For decades, Barbadians built many companies that reflected our ingenuity, our resilience, and our sense of community – Solar Dynamics, ACME, Barbados National Bank, Nation newspaper, WIBISCO to name a handful. These firms were not perfect, but they were ours. From an economic standpoint, profits circulated in the domestic economy, trained our people, and anchored our sovereignty as a proud people. We earned the plaudit of fighting above our weight category. Whether through mismanagement, structural weaknesses, or competitive changes in the environment- our local captains of industry have been unable to stem the flow of foreign capital being used to acquire our best local companies. While foreign investment is welcome, local ownership must matter given its link to what defines a national identity. Ownership of anything infuses a confidence that creates a type of decision making and self confidence.
The disappearance of several local companies is not just an economic concern, although it seems this is the preferred measure of success in these times. It is a cultural one. What we build, what we sustain, and what we choose to protect says something about who we are as a people. It is like the saying goes, we are what we eat. Our actions shape our national identity. If we allow our own institutions to collapse while embracing imported ‘replacements’, we send a loud message to Barbadians, young and old, about what we value.

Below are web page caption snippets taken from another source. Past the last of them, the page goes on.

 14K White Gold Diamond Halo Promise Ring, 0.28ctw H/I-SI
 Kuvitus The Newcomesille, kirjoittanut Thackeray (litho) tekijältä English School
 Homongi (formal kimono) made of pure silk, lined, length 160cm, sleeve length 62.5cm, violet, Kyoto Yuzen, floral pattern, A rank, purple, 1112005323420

As Crop Over approaches, the concern about our national identity intensifies for a lowly blogmaster. The festival that once expressed the soul of Barbadian culture is now being influenced and reshaped by imported behaviours. The music, the revelry, the imagery- much of it is now dictated by cost and what is popular elsewhere, not by who we are or the legacy state in the 70s, 80s. We are importing a mindset that is deflating our local psyche. People jumping on Kadooment Day now mirror what we see in Trinidad, Antigua, Brazil. There is no differentiation. Calvacades and other community activities have long been replaced by exclusive fetes and private jumpups. Is this who we want to be?

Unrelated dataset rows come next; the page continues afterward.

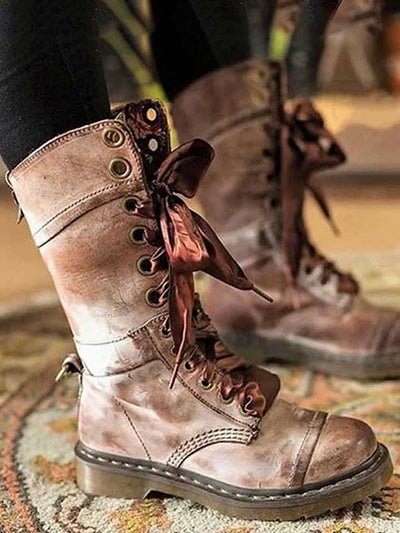 Mid-calf Punk Style Lace Up Boots
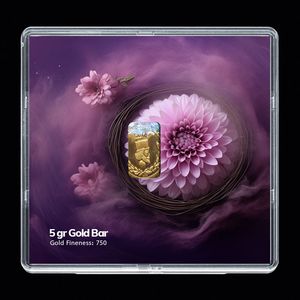شمش طلا 18 عیار مدوپد مدل گل کد sg 10237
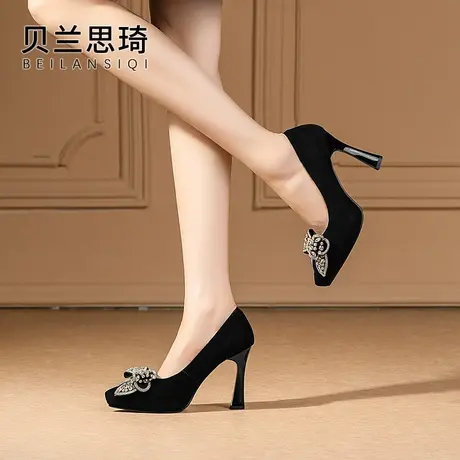 磨砂真皮蝴蝶结浅口细跟单鞋女2023春秋季新款尖头防水台高跟鞋图片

The counter that we must accept change is valid- culture must evolve. festivals and related activities must adapt, we get it. But adapting without anchoring to what is Barbadianna is simply IMITATION. And this imitation will continue to dilute our national identity to what end? The real paradox is that our national identity comes directly from our present behaviours.
The same principle applies to our economy. When locally owned companies disappear and are replaced by external entities, we lose the ability to define our own development path. When our cultural expressions are shaped by outside forces, we lose the ability to define our own narrative. If a ship is tossed about by the currents without the guidance of a firm rudder, a crash is inevitable. Are we there yet?
If we prefer a Barbados that stands confidently in the world, we must protect and rebuild our decaying institutions that are our mirror image. We must support local enterprise with the same passion we bring to imported fetes like Tipsy. We must treat our culture not as a commodity but a legacy. When the dust settles, what we do is who we become.